Felietony od kilku tygodni temu pisze Piotr Rayski-Pawlik, dziennikarz, a obecnie doradca burmistrza Nowego Targu ds. komunikacji społecznej. Rayski nawiązuje do aktualnej sytuacji w mieście oraz do poczynań niektórych radnych.
Ostatnio skrytykował m.in. przewodniczącego rady miasta Michała Glonka za to, że zbyt pospiesznie opuścił konferencję prasową burmistrza, a także radnego Grzegorza Watychę za jego wypowiedź na temat inwestycji w mieście. Dostało się też Związkowi Podhalan za sprzeciw wobec przenosin pomnika Władysława Orkana z nowotarskiego Rynku i wicestaroście Maciejowi Jachymiakowi za poczynania wobec radnych miejskich Platformy Obywatelskiej, którzy zdecydowali się przegłosować absolutorium dla Fryźlewicza (zostali wyrzuceni z klubu PO).
Krytykowani radni, a także pozostali członkowie opozycji nie wytrzymali. - To bulwersujące! - oburza się Michał Glonek. - Przeglądałem strony miejskie w całej Małopolsce i nigdzie nie spotkałem czegoś takiego. Doradca burmistrza atakuje i wyśmiewa nas bez żenady.
Oburzeni radni napisali list protestacyjny. Domagają się, by burmistrz przestał wykorzystywać oficjalną stronę urzędu - jak to nazwali - jako tubę propagandową.

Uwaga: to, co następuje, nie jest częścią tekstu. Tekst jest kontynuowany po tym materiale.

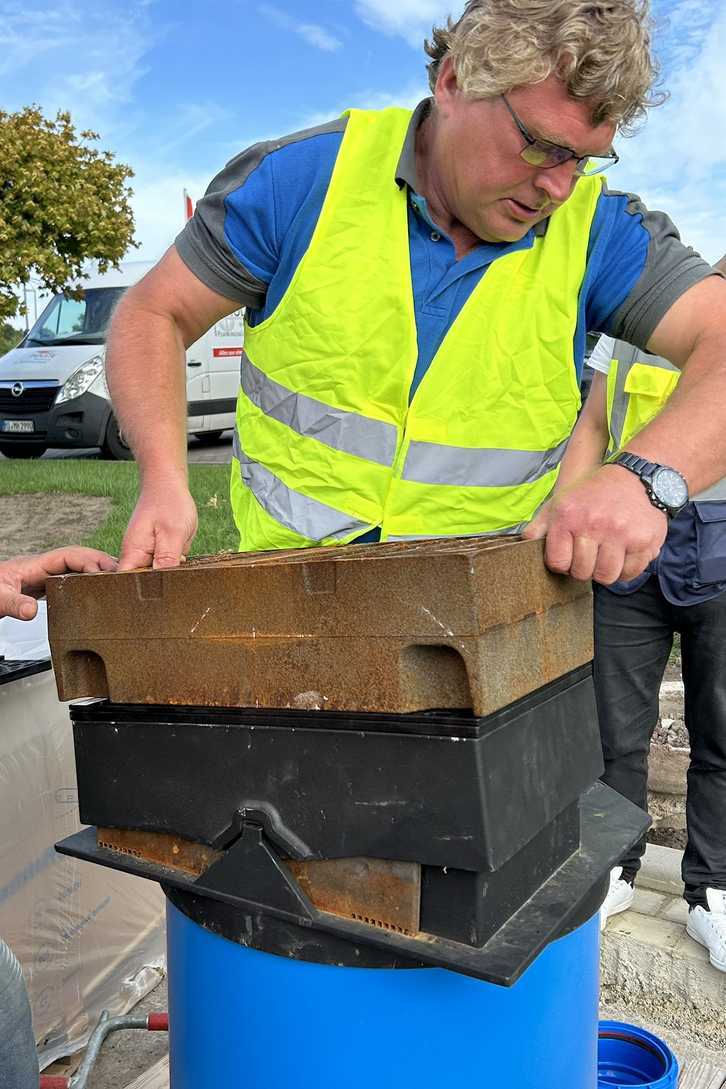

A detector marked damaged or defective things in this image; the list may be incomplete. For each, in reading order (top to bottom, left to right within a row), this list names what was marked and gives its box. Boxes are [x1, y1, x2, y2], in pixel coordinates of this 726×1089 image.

rusted metal surface [48, 533, 592, 714]
rusted metal surface [96, 827, 222, 871]
rusted metal surface [285, 853, 420, 932]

- Oczekujemy zaniechania tych działań i przywrócenia pierwotnej funkcji strony internetowej miasta jako rzetelnego źródła informacji dla mieszkańców - apelują.
Autor felietonów jest zdziwiony ostrą reakcją radnych.
- Zgadzam się z tym, że strona miejska ma służyć informowaniu mieszkańców o tym, co się tu dzieje. I my to właśnie robimy nie tylko poprzez suche informacje, ale i poprzez opinie. Doszedłem do wniosku, że pewne rzeczy i działania radnych musimy wytłumaczyć mieszkańcom - mówi Rayski-Pawlik. - Ja po prostu biorę pod lupę to, co robią radni.
Burmistrz Marek Fryźlewicz nie widzi w felietonach swojego doradcy nic złego.
- Czytałem je wszystkie. Nie wiem, co mogło radnych urazić. Nikt tam nie jest obrażany ani wyśmiewany - mówi Fryźlewicz. - Jeśli radni czują się urażeni, zawsze mogą wystąpić na drogę sądową. Mam tylko nadzieję, że nie chcą wprowadzić u nas cenzury.
Fryźlewicz przyznaje jednak, że feletiony to forma obrony przed atakami radnych na niego w innych mediach.
- Jestem ze starej góralskiej rodziny. Nie dam się bić - podkreśla.
Burmistrz zapowiada, że nie zamierza zamykać ust swojemu doradcy. Cykl "Zdaniem doradcy" nadal będzie się ukazywał.